(WHAT IS BEING ASKED)
The result should be the listing below restated word for word, with images left out.
══ DATA RECORDS
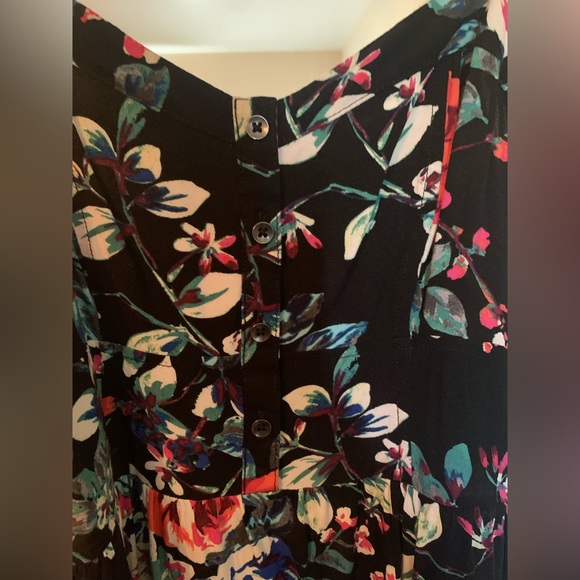 Express Summer Dress - Picture 2 of 4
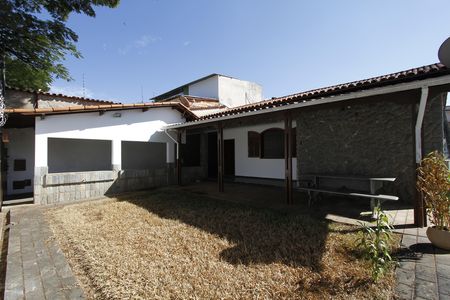 Casa para alugar com 473m², 3 quartos e 3 vagasÁrea externa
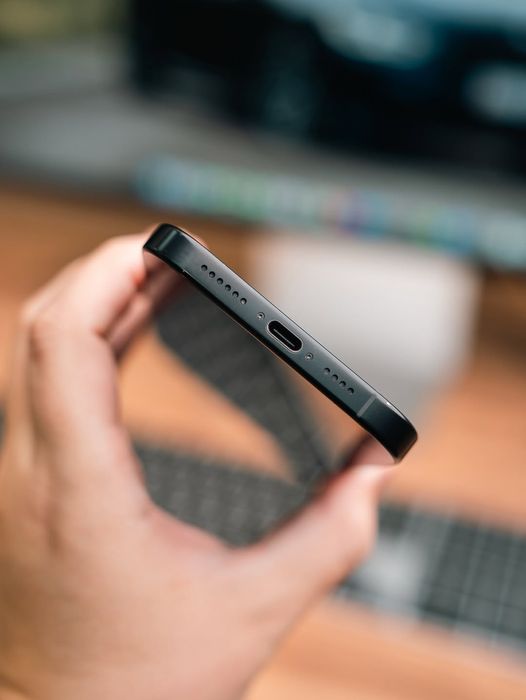 iPhone 16 Pro Max 512gb Black Titanium 98%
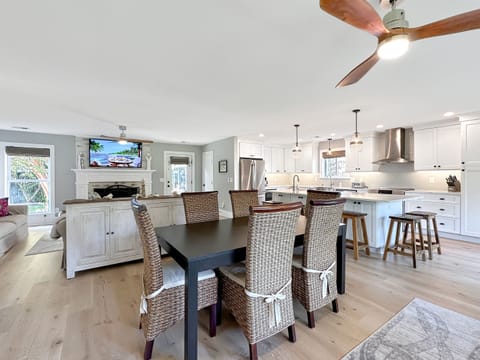 Dining Room, 405 Palm Blvd, Isle of Palms, SC | IOP Escapes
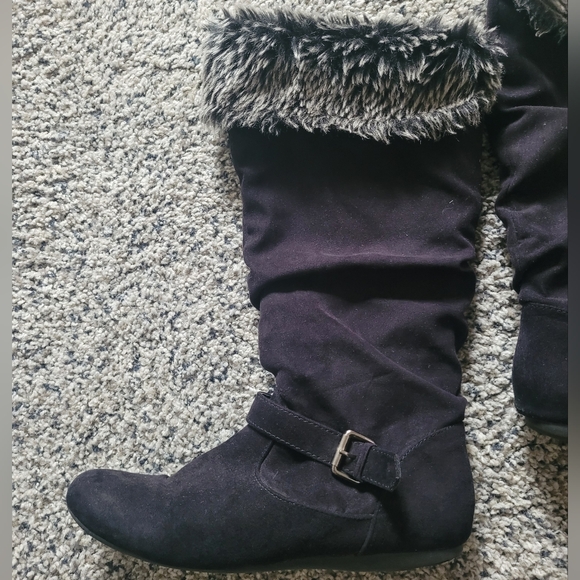 FREE New Directions Black Boots - Picture 3 of 9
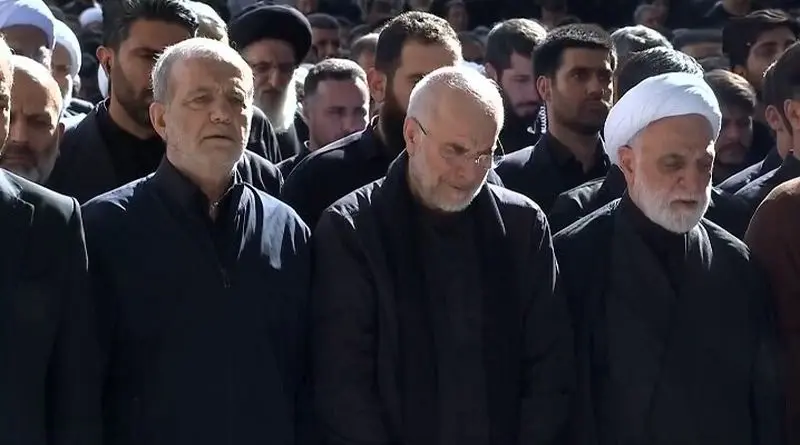 چه کسانی در صف اول نماز رهبر شهید حاضر بودند؟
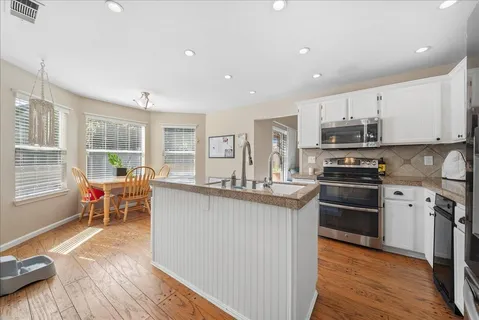 $670,000 | 6012 Laguna Park Drive, Elk Grove, CA 95758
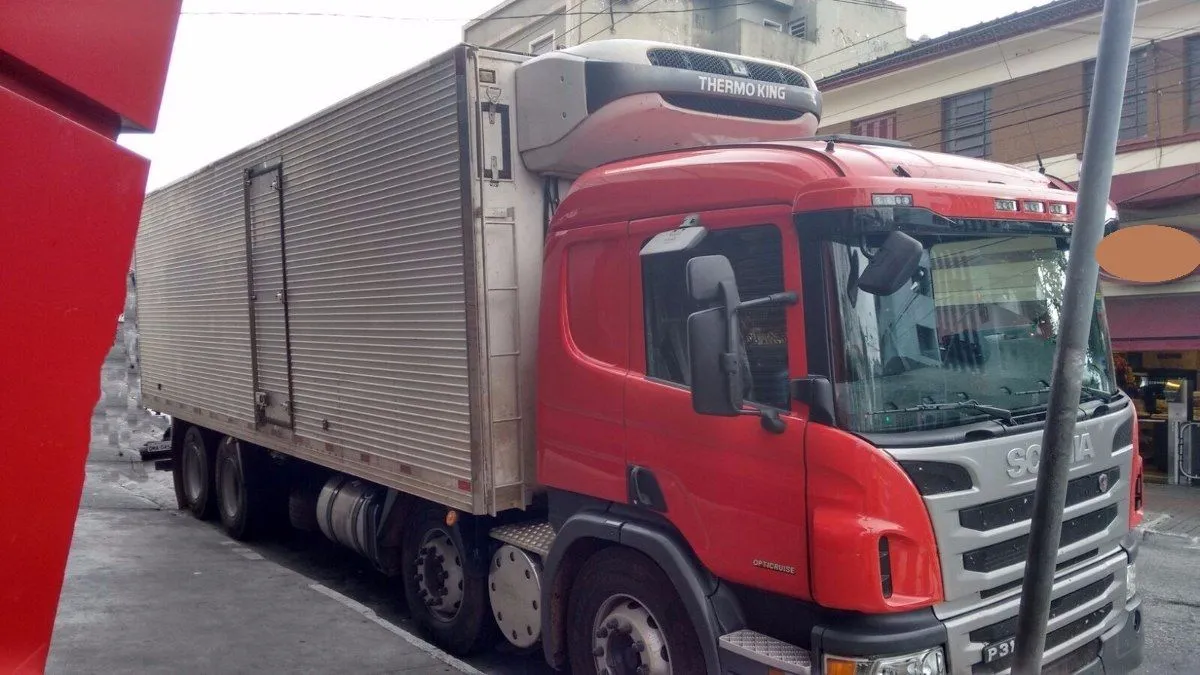 Scania P310 8x2 com transferência no bau refrigerado -32°Graus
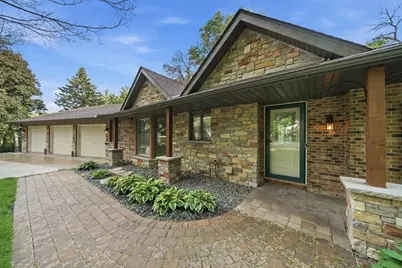 1831 Koehnen Circle, Excelsior, MN 55331 - Photo 4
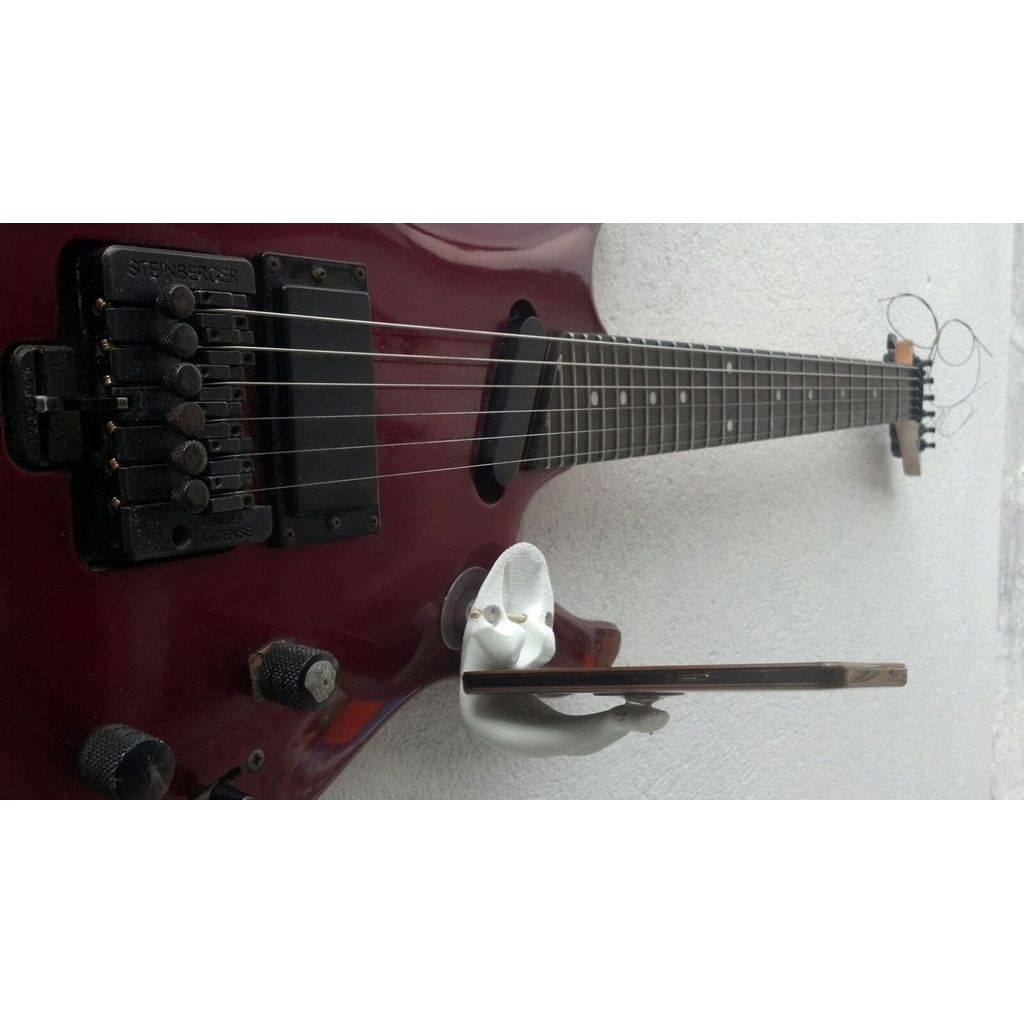 GSM V14 mobilhållare för gitarr och bas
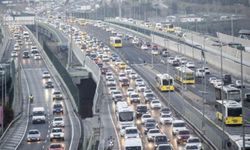 Haftanın son iş gününde İstanbul'da trafik yoğunluğu yaşanıyor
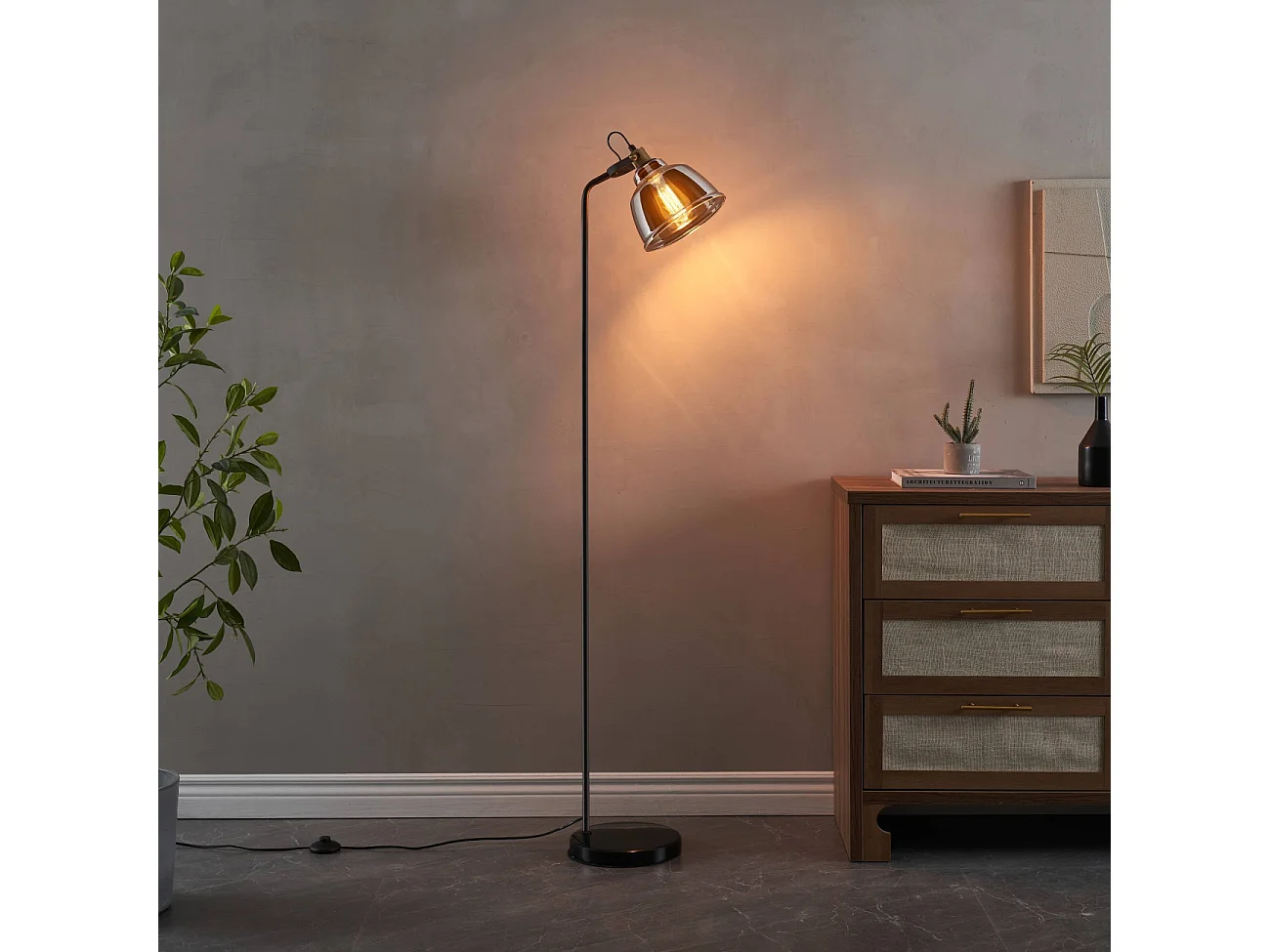 Lampadaire industriel noir verre fumé style atelier vintage - Linz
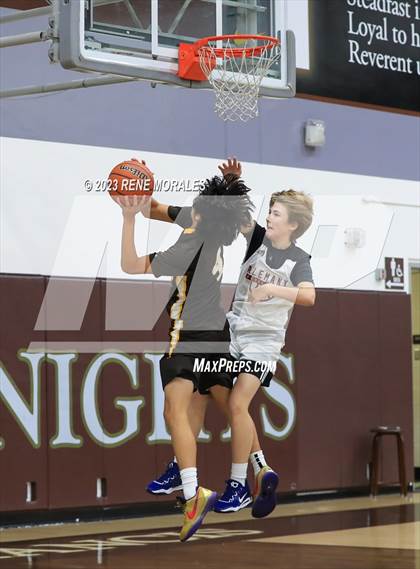 Thumbnail 3 in Crespi vs Alemany photogallery.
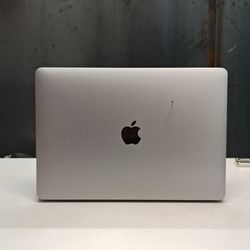 MacBook Pro 2020 13inch 256GB 8GB RAM excellent condition - On Special Cash deal $449 🤩✅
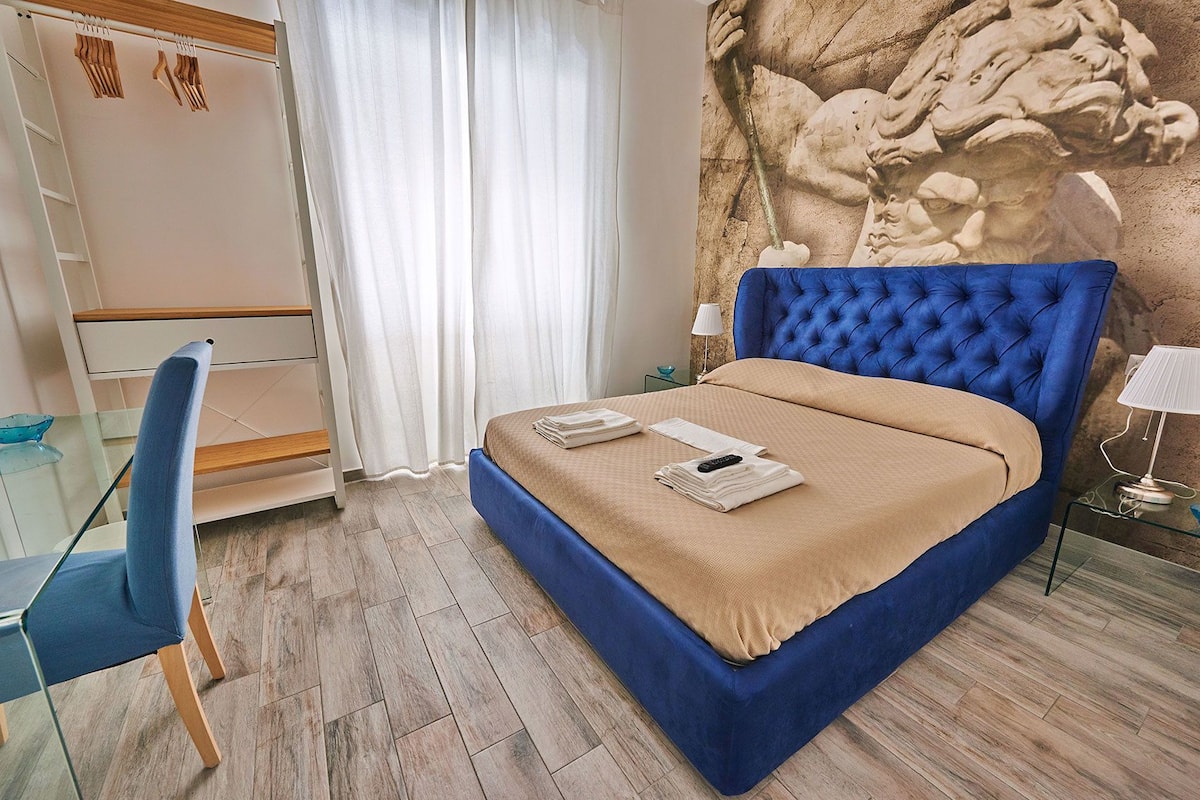 Habitación doble, baño en la habitación | Sábanas de algodón egipcio, ropa de cama de alta calidad y edredón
════
(RESPONSE TO THE TASK)
 Express Summer Dress - Picture 2 of 4
 Casa para alugar com 473m², 3 quartos e 3 vagasÁrea externa
 iPhone 16 Pro Max 512gb Black Titanium 98%
 Dining Room, 405 Palm Blvd, Isle of Palms, SC | IOP Escapes
 FREE New Directions Black Boots - Picture 3 of 9
 چه کسانی در صف اول نماز رهبر شهید حاضر بودند؟
 $670,000 | 6012 Laguna Park Drive, Elk Grove, CA 95758
 Scania P310 8x2 com transferência no bau refrigerado -32°Graus
 1831 Koehnen Circle, Excelsior, MN 55331 - Photo 4
 GSM V14 mobilhållare för gitarr och bas
 Haftanın son iş gününde İstanbul'da trafik yoğunluğu yaşanıyor
 Lampadaire industriel noir verre fumé style atelier vintage - Linz
 Thumbnail 3 in Crespi vs Alemany photogallery.
 MacBook Pro 2020 13inch 256GB 8GB RAM excellent condition - On Special Cash deal $449 🤩✅
 Habitación doble, baño en la habitación | Sábanas de algodón egipcio, ropa de cama de alta calidad y edredón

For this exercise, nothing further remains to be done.